Best Iftar in Ramadan
Iftar is especially important when fasting, after a long day of not eating or drinking fluids. However, this meal should be accompanied by a clear plan for arranging the intake of foods and liquids during breakfast hours.
Some fasting people forget this issue, and make nutritional mistakes after long hours of fasting, which lead to health problems, including dehydration and constipation.
According to the World Health Organization, the optimal arrangement for eating an integrated breakfast to avoid health problems is by dividing it into three meals, as the body needs sufficient time to digest food.
It is recommended to start breakfast with liquids and not with solid food rich in calories and starches, according to nutritionists. The fasting person should start his iftar with a very light meal, which is a glass of water and 3 dates, in addition to a plate of soup.

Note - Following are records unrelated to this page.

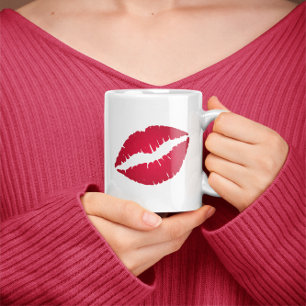 Rote Ombre-Lippenstift Diva-Lippen Kaffeetasse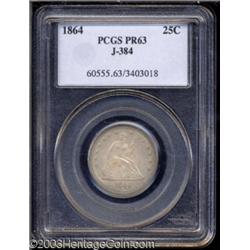 1864 25C Quarter Dollar, Judd-384, Pollock-452, R.7, PR63 PCGS.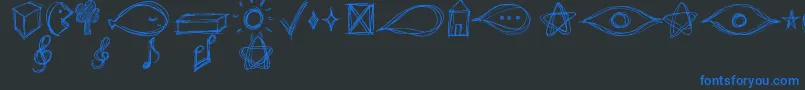 GoAroundTheBooksSymbols Font – Blue Fonts on Black Background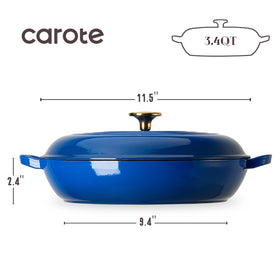CAROTE braiser pan dual handles close-up for safe, easy transport.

It is recommended to eat dates before the main meal, because dates provide the body with sugar, which decreases during the long hours of fasting. The number of dates that should be eaten at the start of breakfast can be limited to only three dates, and a fasting person can take three more after breakfast.
After that, the fasting person starts eating soup because it is one of the fluids that the body needs and lost during the fasting hours, in addition to helping the stomach to receive new types of food.
It is recommended that the fasting person rest after eating a snack for about half an hour, and then start eating the main or second meal.
If the fasting person drinks water and then eats soup and salad, he will have avoided one of the most important health problems facing the fasting person, which is constipation and headaches associated with dehydration.
When we talk about liquids, we mean water, not Ramadan juices, such as Jallab, Qamar al-Din, and others. Juices raise the blood sugar level quickly, even if they are natural and fresh fruit juices.
Also, starting your breakfast with low-salt milk is a good idea, as it contains protein and water. Be aware of bad breakfast habits, including eating quickly.
As for the second meal, it is supposed to be nutritionally complete, containing carbohydrates, raw or cooked vegetables, and proteins, and its source is meat, fish and chicken.
Vegetables contain large amounts of fiber, which facilitates digestion, in addition to the minerals and vitamins that the body needs for its daily functions and for healthy skin.
The third meal can be eaten after the evening prayer, and it includes fruits and a small amount of sweets. It is recommended to eat sweets in moderation in the month of Ramadan and to try to replace fried ones with grilled ones, or those that contain low-fat ingredients.
The average number of fasting hours is about 14 hours per day, and the picture period may coincide with high temperatures in some Arab countries, which causes the human body to lose large amounts of water. Therefore, the fasting person should make sure to drink two liters of water per day, which is equivalent to 8 glasses.
This amount should be eaten in batches between Iftar and Suhoor, to avoid heaviness and intestinal confusion.
It is also advised not to replace this amount of water with juices rich in sugars and calories, which do not contain nutritional benefits, but rather cause thirst.
It is advised to avoid salty foods such as pickles, which help to retain fluids, which causes the fasting person to be thirsty during the long fasting hours.